Jonathan Taplin calls Theil, Musk, Zuckerberg and Andreessen “The Technocrats,” in recognition of the influence of the technocracy movement, founded in the 1930s by Elon Musk’s grandfather, Joshua Haldeman.
The Technocrats make up a kind of interlocking directorate of Silicon Valley, each investing in or sitting on the boards of the others’ companies. Their vast digital domain controls your personal information; affects how billions of people live, work, and love; and sows online chaos, inciting mob violence and sparking runs on stocks. These four men have long been regarded as technologically progressive heroes, but they are actually part of a broader antidemocratic, authoritarian turn within the tech world, deeply invested in preserving the status quo and in keeping their market-leadership positions or near-monopolies—and their multi-billion-dollar fortunes secure from higher taxes. (“Competition is for suckers,” Thiel once posited.)
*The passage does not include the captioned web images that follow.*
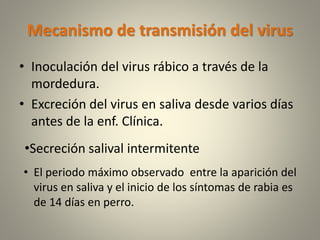 Mecanismo de transmisión del virus
• Inoculación del virus rábico a través de la
mordedura.
• Excreción del virus en saliva desde varios días
antes de la enf. Clínica.
•Secreción salival intermitente
• El periodo máximo observado entre la aparición del
virus en saliva y el inicio de los síntomas de rabia es
de 14 días en perro.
Indeed, they are American oligarchs, controlling online access for billions of users on Facebook, Twitter, Threads, Instagram, and WhatsApp, including 80 per cent of the US population. Moreover, from the outside, they appear to be more interested in replacing our current reality—and our economic system, imperfect as it is—with something far more opaque, concentrated, and unaccountable, which, if it comes to pass, they will control.
The Technocrats do not hide the fact that they plan to feed at the government trough to finance some of their more outrageous schemes. And, four of the projects they are pursuing to address their visions will need tens of trillions of dollars of (mostly public) investment capital over the next two decades.
The first project, supported by Andreessen, Thiel, and Zuckerberg, is Web3, a virtual world (the Metaverse) accessed by virtual reality (“VR”) headgear, which, despite all of the clear benefits that it promises, may end up converting the free web into an online theme park in which every door requires a crypto token to open.
The second project is the support of cryptocurrency.
The third project involves supporting Elon Musk’s $10 trillion pipe dream of sending humans to live on Mars.
The fourth project and the most far-fetched is transhumanism, a concept dear to the heart of Peter Thiel. To understand what could well be the Biggest Lie of Big Tech requires a deep dive into this social movement, which is focused on research and development for “human-enhancement technologies” that might someday allow people to live to the age of 160 or more. Needless to say, access to these age-extension systems, which have not yet been invented, will be incredibly expensive, so, under this scheme, the only ones destined to survive well into their second century will likely be the multimillionaires.